En outre, il y a lieu de relever une contradiction entre les termes de la promesse et ceux de l'acte de vente :
- d'une part, la promesse prévoit que le point de départ de l'indemnité réclamée court à compter de la non livraison des lots objet de la dation en paiement dans le délai de 24 mois après la signature de l'acte de VEFA,
- d'autre part, l'acte authentique de vente mentionne soit, un délai de 24 mois à compter de l'obtention du permis de construire modificatif purgé de tous recours et retrait, soit un délai de 31 mois à compter de la date de l' acte, soit le 19 mai 2022.
Or, il n'appartient pas au juge des référés, juge de l'évidence, d'interpréter des stipulations contractuelles si elles ne sont pas claires et précises, l'analyse et l'application de ces clauses nécessitant donc une appréciation du juge du fond.

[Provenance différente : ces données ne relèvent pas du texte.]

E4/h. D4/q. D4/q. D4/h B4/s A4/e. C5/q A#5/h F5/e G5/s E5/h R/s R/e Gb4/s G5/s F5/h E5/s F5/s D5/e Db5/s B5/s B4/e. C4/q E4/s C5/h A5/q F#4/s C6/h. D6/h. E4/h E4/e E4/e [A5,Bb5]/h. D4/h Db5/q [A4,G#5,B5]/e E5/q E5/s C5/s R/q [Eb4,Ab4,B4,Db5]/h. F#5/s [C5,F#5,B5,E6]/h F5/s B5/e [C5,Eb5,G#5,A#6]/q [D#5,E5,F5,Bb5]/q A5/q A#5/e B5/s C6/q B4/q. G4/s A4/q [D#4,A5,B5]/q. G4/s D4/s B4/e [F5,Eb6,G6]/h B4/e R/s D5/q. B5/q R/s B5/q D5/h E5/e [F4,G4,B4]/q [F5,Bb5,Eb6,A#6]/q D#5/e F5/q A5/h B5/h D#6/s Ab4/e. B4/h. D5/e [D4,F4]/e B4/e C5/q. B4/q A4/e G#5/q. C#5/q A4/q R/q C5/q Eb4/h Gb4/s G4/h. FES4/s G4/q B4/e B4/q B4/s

En toute état de cause, la demande en paiement d'une indemnité forfaitaire s'analyse en une clause pénale qui est susceptible d'être modérée par le juge du fond et ne présente pas, par conséquent, le caractère d'une obligation non contestable.
Enfin, le juge des référés étant le juge du provisoire, la demande en paiement, qui n'est pas formée à titre provisionnel, excède le champ de sa compétence.
En conséquence, les consorts [W] échouent en conséquence à rapporter la preuve d'une obligation non sérieusement contestable. Il convient donc de rejeter l'ensemble des demandes formées à ce titre et ce sans qu'il soit nécessaire de statuer sur les autres moyens soulevés par les parties.
Sur la demande en paiement de dommages-intérêts
Aux termes de l'article 835 alinéa 2 du code de procédure civile, dans les cas où l'existence de l'obligation n'est pas sérieusement contestable, le juge des référés peut accorder une provision au créancier, ou ordonner l'exécution de l'obligation même s'il s'agit d'une obligation de faire.
Les pouvoirs du juge des référés sont ainsi limités au fondement juridique de sa saisine.
En l'espèce, il n'entre pas dans les pouvoirs du juge des référés d'accorder une provision sur dommages et intérêts, de surcroît lorsqu'une contestation sérieuse est relevée sur la demande principale, dès lors qu'il est préalablement nécessaire de statuer sur les responsabilités, ce qui relève de l'office du juge du fond.
Par conséquent, il n'y a pas lieu à référé sur la demande de provision sur dommages-intérêts formée par les consorts [W].
Sur les dépens et les frais irrépétibles
En application de l'article 696 du code de procédure civile, les consorts [W], parties succombantes, seront condamnés in solidum aux dépens de la présente instance.
Cependant des considérations d'équité conduisent à ne pas faire application de l'article 700 du code de procédure civile.
PAR CES MOTIFS
Le juge des référés, statuant publiquement par ordonnance contradictoire et en premier ressort :
DIT n'y avoir lieu à référé sur l'ensemble des demandes formées par Monsieur [R] [W], Monsieur [O] [W], Monsieur [E] [W] et Monsieur [H] [W] ;
CONDAMNE in solidum Monsieur [R] [W], Monsieur [O] [W], Monsieur [E] [W] et Monsieur [H] [W] aux dépens de la présente instance ;
DIT n'y avoir lieu à faire application des dispositions de l'article 700 du code de procédure civile ;
REJETTE toute autre demande plus ample ou contraire.
Ainsi fait et prononcé par mise à disposition au greffe, le 27 juin 2025, et nous avons signé avec le greffier.